- Exercise instructions -
The pictures stay out; everything else in the entries below must be returned exactly.

- Given records -
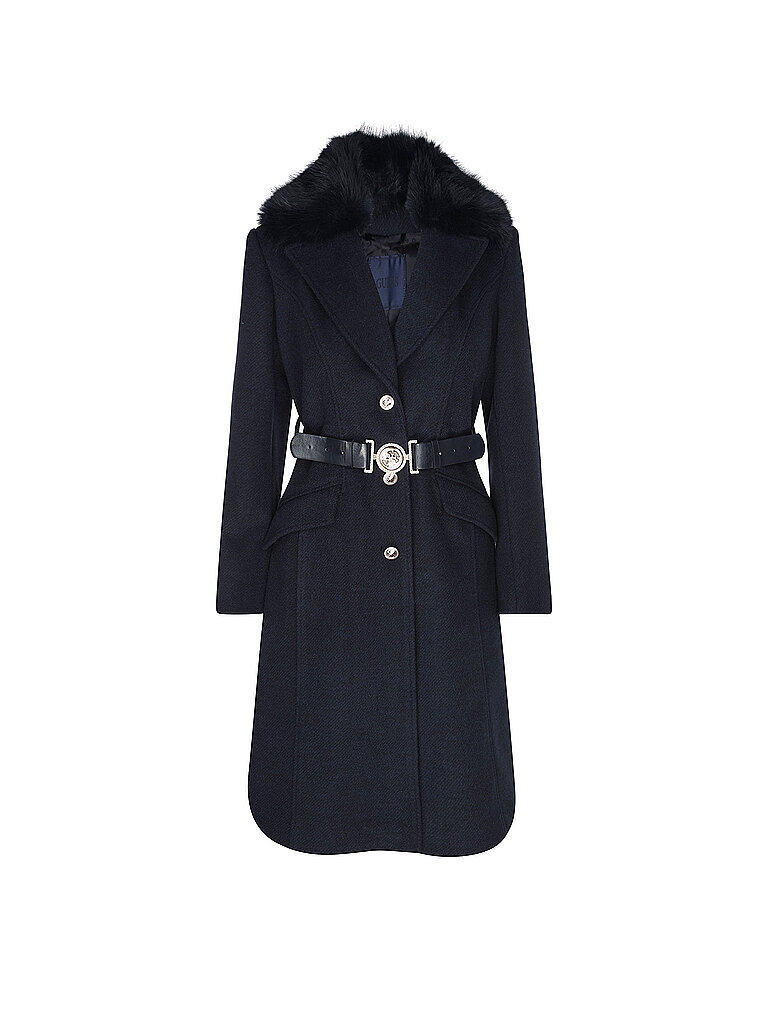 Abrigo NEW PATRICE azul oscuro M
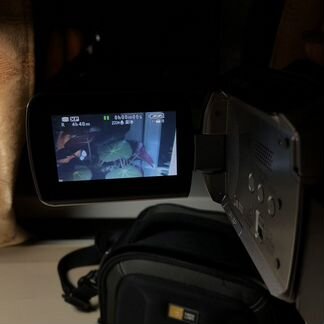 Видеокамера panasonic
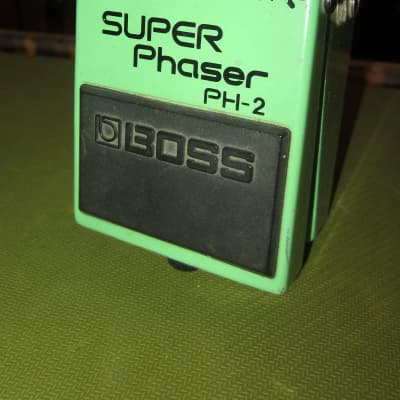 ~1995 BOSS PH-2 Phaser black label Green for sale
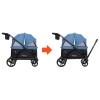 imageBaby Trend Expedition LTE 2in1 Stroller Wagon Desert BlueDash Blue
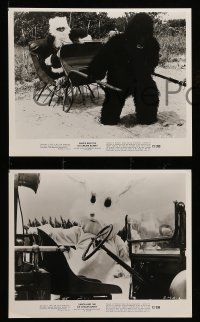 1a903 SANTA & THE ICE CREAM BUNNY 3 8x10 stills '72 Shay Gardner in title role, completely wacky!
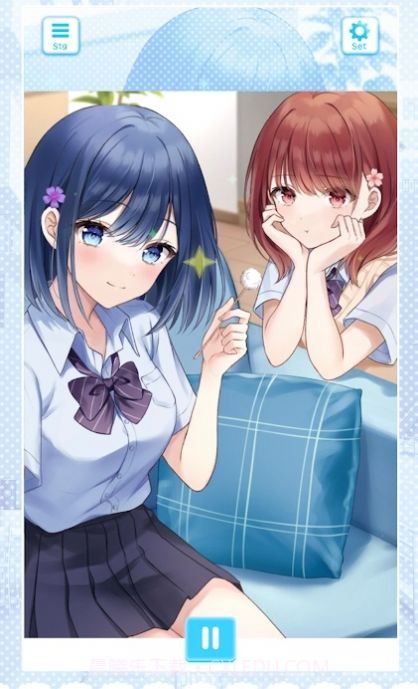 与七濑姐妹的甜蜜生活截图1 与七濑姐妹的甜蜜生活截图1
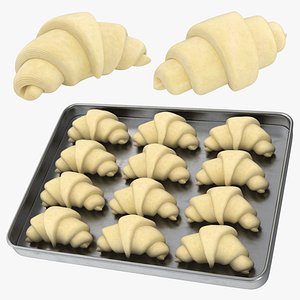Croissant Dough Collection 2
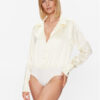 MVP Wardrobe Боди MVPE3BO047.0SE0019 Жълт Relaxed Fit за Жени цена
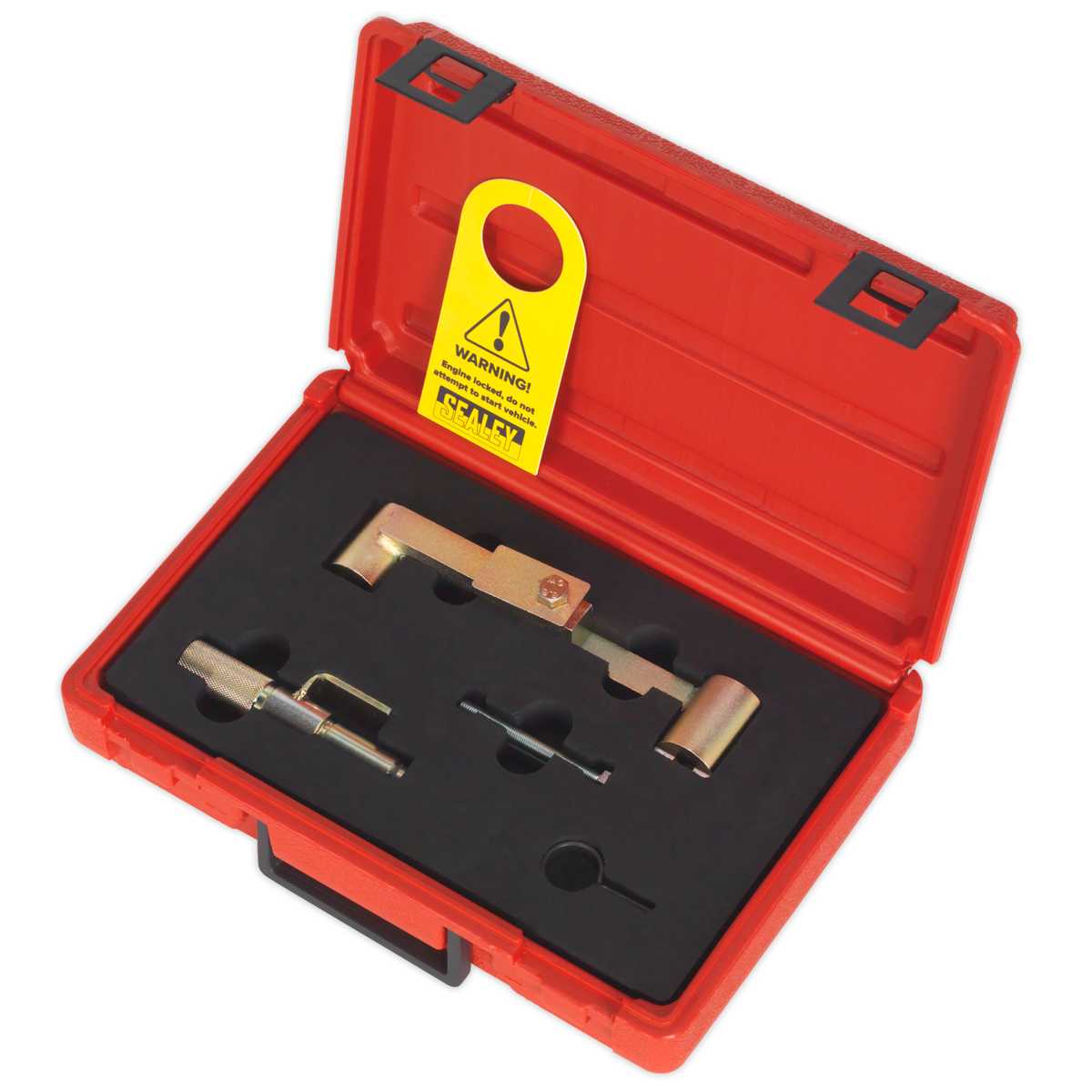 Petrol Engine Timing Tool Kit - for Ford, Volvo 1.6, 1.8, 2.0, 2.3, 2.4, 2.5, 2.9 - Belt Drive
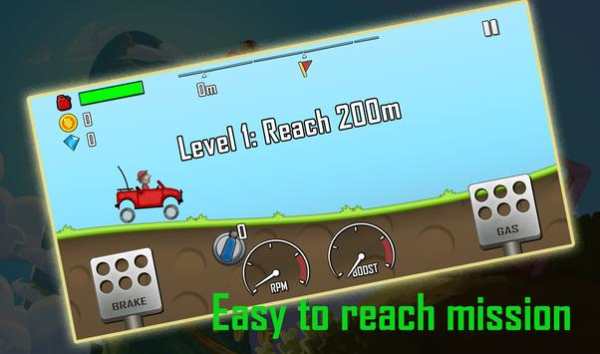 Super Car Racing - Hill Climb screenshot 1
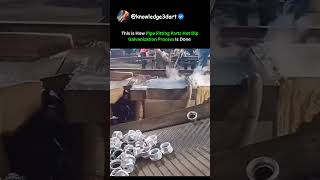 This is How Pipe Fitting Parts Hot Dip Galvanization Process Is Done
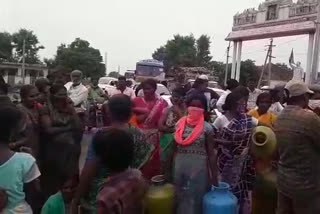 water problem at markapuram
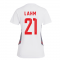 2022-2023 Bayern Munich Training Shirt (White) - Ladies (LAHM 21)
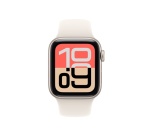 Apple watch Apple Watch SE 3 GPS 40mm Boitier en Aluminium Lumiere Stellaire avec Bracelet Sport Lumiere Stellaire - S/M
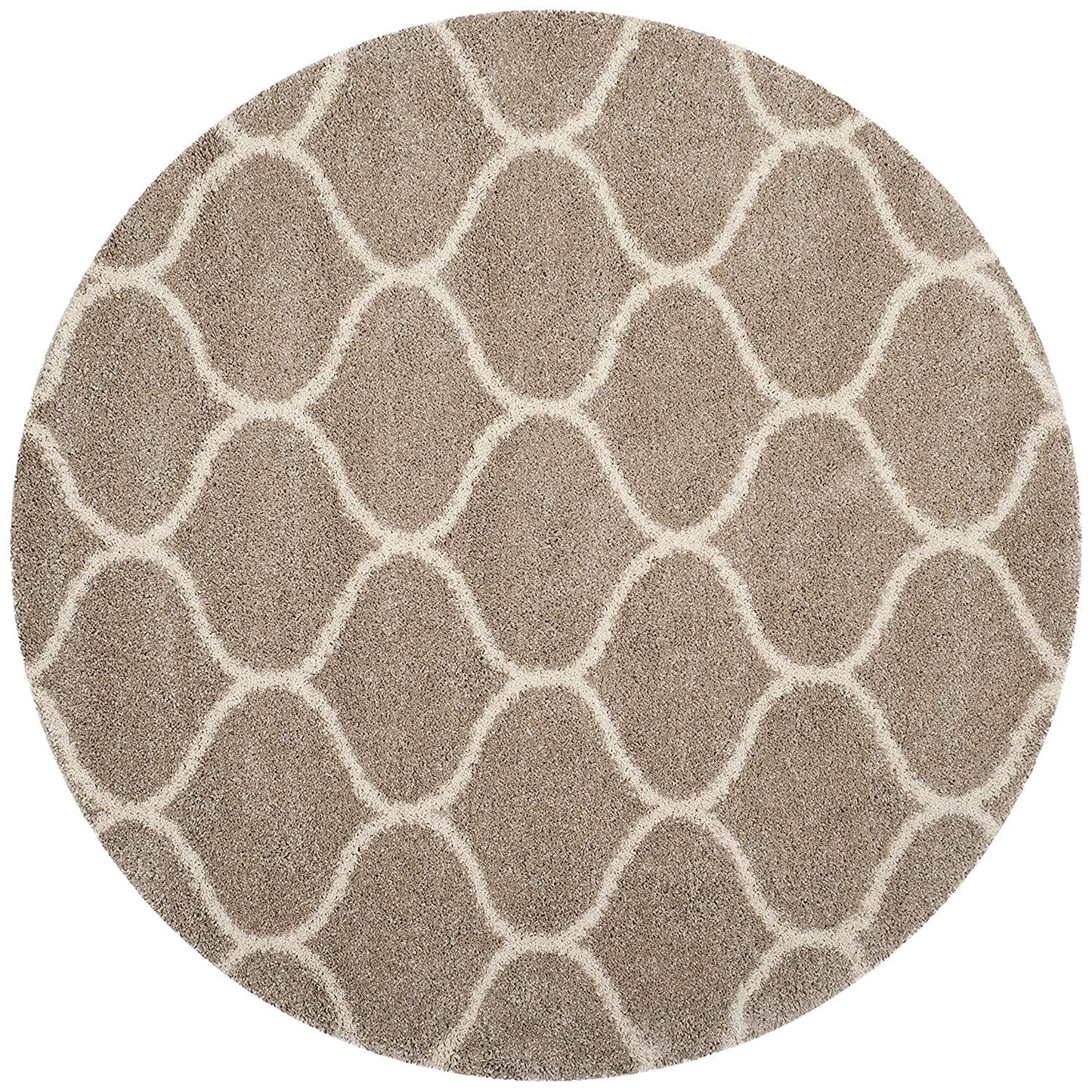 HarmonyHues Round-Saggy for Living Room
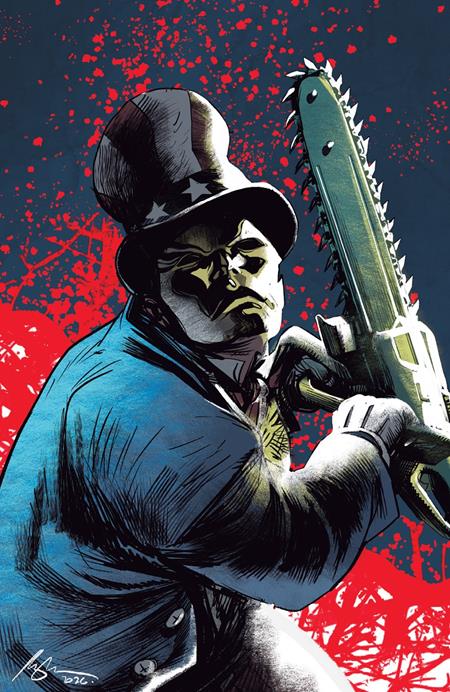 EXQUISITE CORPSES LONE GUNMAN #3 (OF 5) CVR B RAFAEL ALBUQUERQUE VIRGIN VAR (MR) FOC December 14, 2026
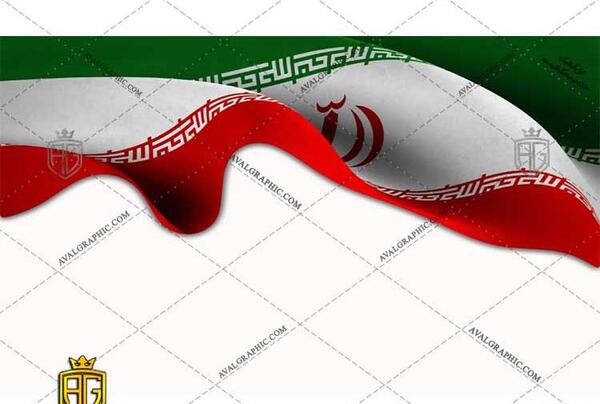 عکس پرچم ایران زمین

- Result for this task -
 Abrigo NEW PATRICE azul oscuro M
 Видеокамера panasonic
 ~1995 BOSS PH-2 Phaser black label Green for sale
 imageBaby Trend Expedition LTE 2in1 Stroller Wagon Desert BlueDash Blue
 1a903 SANTA & THE ICE CREAM BUNNY 3 8x10 stills '72 Shay Gardner in title role, completely wacky!
 与七濑姐妹的甜蜜生活截图1 与七濑姐妹的甜蜜生活截图1
Croissant Dough Collection 2
 MVP Wardrobe Боди MVPE3BO047.0SE0019 Жълт Relaxed Fit за Жени цена
 Petrol Engine Timing Tool Kit - for Ford, Volvo 1.6, 1.8, 2.0, 2.3, 2.4, 2.5, 2.9 - Belt Drive
 Super Car Racing - Hill Climb screenshot 1
 This is How Pipe Fitting Parts Hot Dip Galvanization Process Is Done
 water problem at markapuram
 2022-2023 Bayern Munich Training Shirt (White) - Ladies (LAHM 21)
 Apple watch Apple Watch SE 3 GPS 40mm Boitier en Aluminium Lumiere Stellaire avec Bracelet Sport Lumiere Stellaire - S/M
 HarmonyHues Round-Saggy for Living Room
 EXQUISITE CORPSES LONE GUNMAN #3 (OF 5) CVR B RAFAEL ALBUQUERQUE VIRGIN VAR (MR) FOC December 14, 2026
 عکس پرچم ایران زمین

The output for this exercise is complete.